Previously, ICE had maintained that the number was “several hundred” nationwide, and 303 released specifically in Arizona.
A growing number of elected officials have called on the Department of Homeland Security to further explain the release of immigrant detainees from ICE custody due to looming sequestration. Thursday’s hearing was the first time ICE gave precise numbers.
In his testimony, Morton said on average, 700 detainees were released a week between Feb. 9 and March 1 due to budget concerns.
“Contrary to some reports, those released for budget reasons did not include thousands of criminals who posed a significant risk to public safety,” Morton said in his testimony. “Indeed 70 percent of those individuals released had no criminal record at all.”
He said the remaining 30 percent “were either misdemeanants or other criminals whose prior conviction was not a serious violent crime.”
All immigrants released still face deportation proceedings.
Morton said initially ten so-called “Level 1” offenders — those with the most serious criminal history on a three-point scale — were released, but four of those were later taken back into custody upon further review.
ICE has funding to maintain 34,000 detention beds a day. Morton said daily detention levels exceeded that earlier in the year, so the agency needed to detain fewer people in order to stay within budget.
Plus, he said the agency is now facing $300 million in cuts now that sequestration has taken effect.
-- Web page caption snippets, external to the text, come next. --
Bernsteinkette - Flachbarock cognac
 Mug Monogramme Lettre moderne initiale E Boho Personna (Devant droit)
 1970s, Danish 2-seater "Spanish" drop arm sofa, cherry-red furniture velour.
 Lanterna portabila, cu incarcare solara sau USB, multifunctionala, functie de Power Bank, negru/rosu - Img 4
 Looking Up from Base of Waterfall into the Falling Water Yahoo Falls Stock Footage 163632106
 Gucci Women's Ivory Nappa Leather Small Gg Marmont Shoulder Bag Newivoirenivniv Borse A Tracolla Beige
At one point in the hearing, lawmakers grilled Morton and two of his ICE colleagues over whether they had received any pressure from above in their decision to release those detainees.
Morton said “this is an ICE call” and he took full responsibility as the agency head. He said the White House and Secretary of Homeland Security Janet Napolitano were not involved.
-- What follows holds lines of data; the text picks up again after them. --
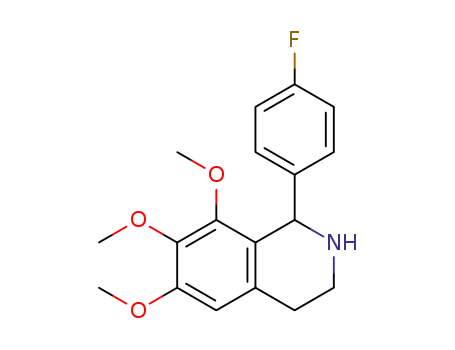 Molecular Structure of 1204357-83-4 (1-(4-fluorophenyl)-6,7,8-trimethoxy-1,2,3,4-tetrahydroisoquinoline)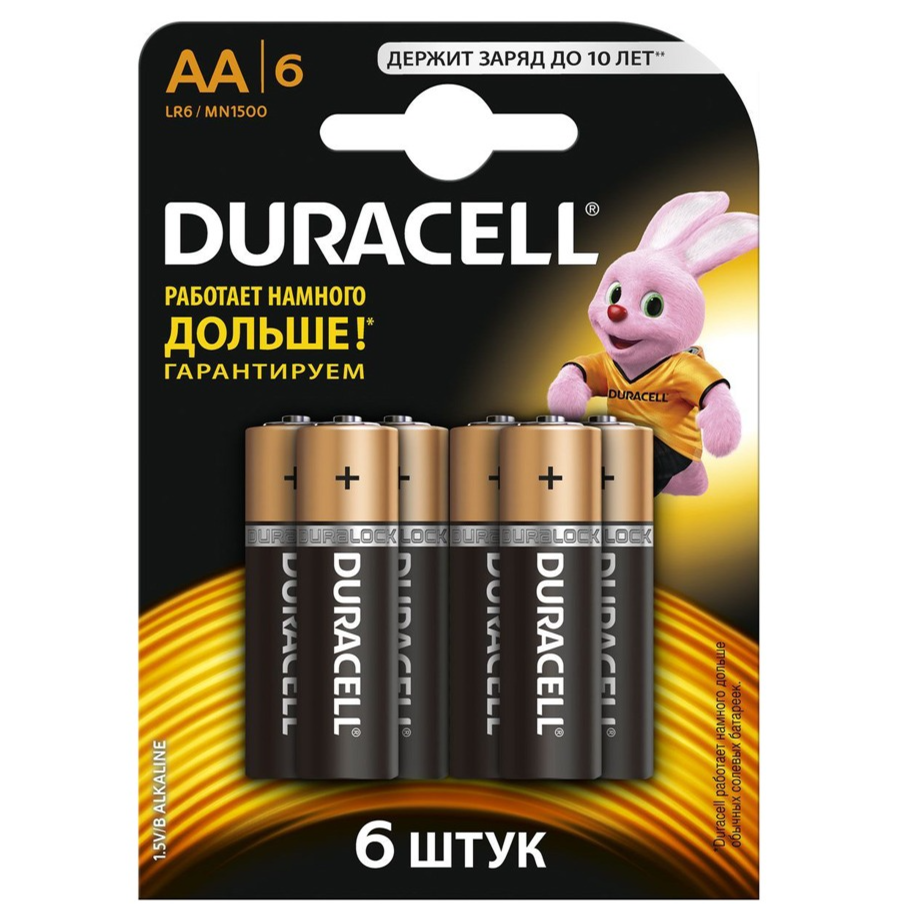 Батарейки Duracell AA / LR6-6BL BASIC, пальчиковые, 6 шт 600019507777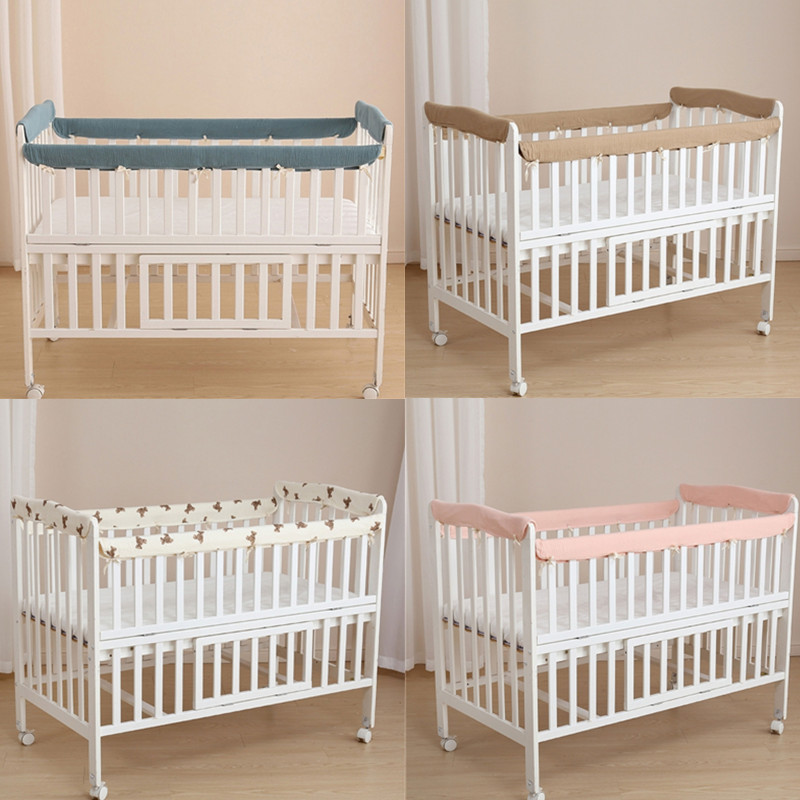 Baby Nursery Glider - 赤ちゃん用の綿のベビーベッドプロテクター,新生児用の標準サイズのバンパー,包まれたカバー,柔らかくて厚いベビーベッドのプロテクターのセット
Rep. John Carter (R-Texas), who called the hearing, voiced his disappointment with the agency’s decision at several points.
“We had two major things happening, the sequester — which became a totally political issue in the month of February — and serious immigration reform being worked on by both the Senate and the House,” Carter said during the hearing. “And this was like throwing a hand grenade on the middle of that.”
Carter is among a group of bipartisan members of the House working on immigration reform legislation, but said news of the release of immigrants from ICE custody complicated public perception on the matter.
“When people hear detention, they think jail,” Carter said in comments to Fronteras Desk after the hearing concluded.
“So you get the people back home that you are trying to say [to], ‘We are going to rehash our immigration system, and we are going to set this up where it is fair, compassionate yet follows the rule of law.’ And they say, ‘Wait a minute the rule of law? You just turned loose a bunch of offenders.’”
“The clarification needed to be made immediately and it wasn't,” Carter said.
Morton said in his testimony that there is a misconception that most people in deportation proceedings are held in detention, when in fact it is a minority that are detained. He said at any given time about 150,000 immigrants awaiting immigration hearings are out on bond.
Rep. David Price (D-N.C.) used his time during the hearing to question the congressional mandate that ICE must fill 34,000 detention beds at all times.
“Why in the world should we blindly adhere to keep 34,000 people daily in costly penal detention when we could make wider use of alternatives to detention, save some money and engage in equally effective enforcement,” Price said. “That I think is a very basic question that we need to address going forward.”